There are little thing that I did in the UI that may serve useful to 'newbies' out there like changing the color of the textbox in focus, moving to the next control when hitting the Enter key and moving to the previous control when hitting the Up key, etc... 

This also have an Exception Logger where any exceptions can be logged in the Event Log and in a text file.

So check this out! Any comments/criticisms/feedbacks will be highly appreciated. :-)
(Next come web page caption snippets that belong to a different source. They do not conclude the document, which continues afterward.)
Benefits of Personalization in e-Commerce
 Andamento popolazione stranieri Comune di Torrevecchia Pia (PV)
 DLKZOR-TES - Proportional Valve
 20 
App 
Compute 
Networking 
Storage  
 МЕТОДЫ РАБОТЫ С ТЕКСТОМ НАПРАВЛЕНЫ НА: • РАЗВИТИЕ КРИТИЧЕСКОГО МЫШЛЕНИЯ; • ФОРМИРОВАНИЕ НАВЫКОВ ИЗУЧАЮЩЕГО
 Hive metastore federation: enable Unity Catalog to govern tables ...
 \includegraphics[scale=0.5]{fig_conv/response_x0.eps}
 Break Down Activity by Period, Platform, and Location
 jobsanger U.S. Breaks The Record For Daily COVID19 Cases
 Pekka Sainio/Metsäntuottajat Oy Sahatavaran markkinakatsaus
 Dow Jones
BTW, just place the two MS Access database in your C:\Drive...

----------


## r_amin

> This small app is a demo of N-Tier using C#. I haven't got a chance yet to do a full-pledge app in C# hence I played with this as a preparation for any impending projects I would tackle using C#.
> 
> The base class in DAL uses Factory Class to create a connection object base on the type of derived class, whether it is MS Access or SQL Server; reusabilty is what I have in mind when I decided to go on this design. The DAL also have support for transaction which can be triggered by method SetTransaction, CommitTransaction and RollbackTransaction. I have added in DAL the most common functions ..........................



Is it C Programming? I need Visual Basic.

----------


## Kasracer

> Is it C Programming? I need Visual Basic.


Since it's in the C# Codebank, the code would be in C# (it's also in his title).

You could always make a DLL with the C# code, compile it and then reference that in your VB application

----------


## dee-u

I made the ff. utility to create .cs files out of your Access database just how I did it in the program I cited above... I hope one way or another this my serve useful...  :Smilie:

----------


## dee-u

Newer version with improved architecture though it's not yet complete as I am still refining my pattern based on some feedbacks from friends out there...  _Kamusta mga kabayan!_

----------


## MrMM

Hi there,

Are you progressing on the N-tier thingy  :Wink:  ? I'm curious about that.

Greets

----------


## CodeMaker

Hi 
 Nice to know about your work. I need some connection help from you regarding your code. You have used MS Access. I would like to connect Oracle DataBase. In DataAccessType Class i can see SQL and MS Access. I would like to add Oracle here. I tried following Code


VB Code:
public class OracleServerDatabase : DataAccess.Methods
                    {
                     public OracleServerDatabase(string connectionString)
                          : base("Oracle Server", connectionString)
                     }

But i really do not know where i can set it ...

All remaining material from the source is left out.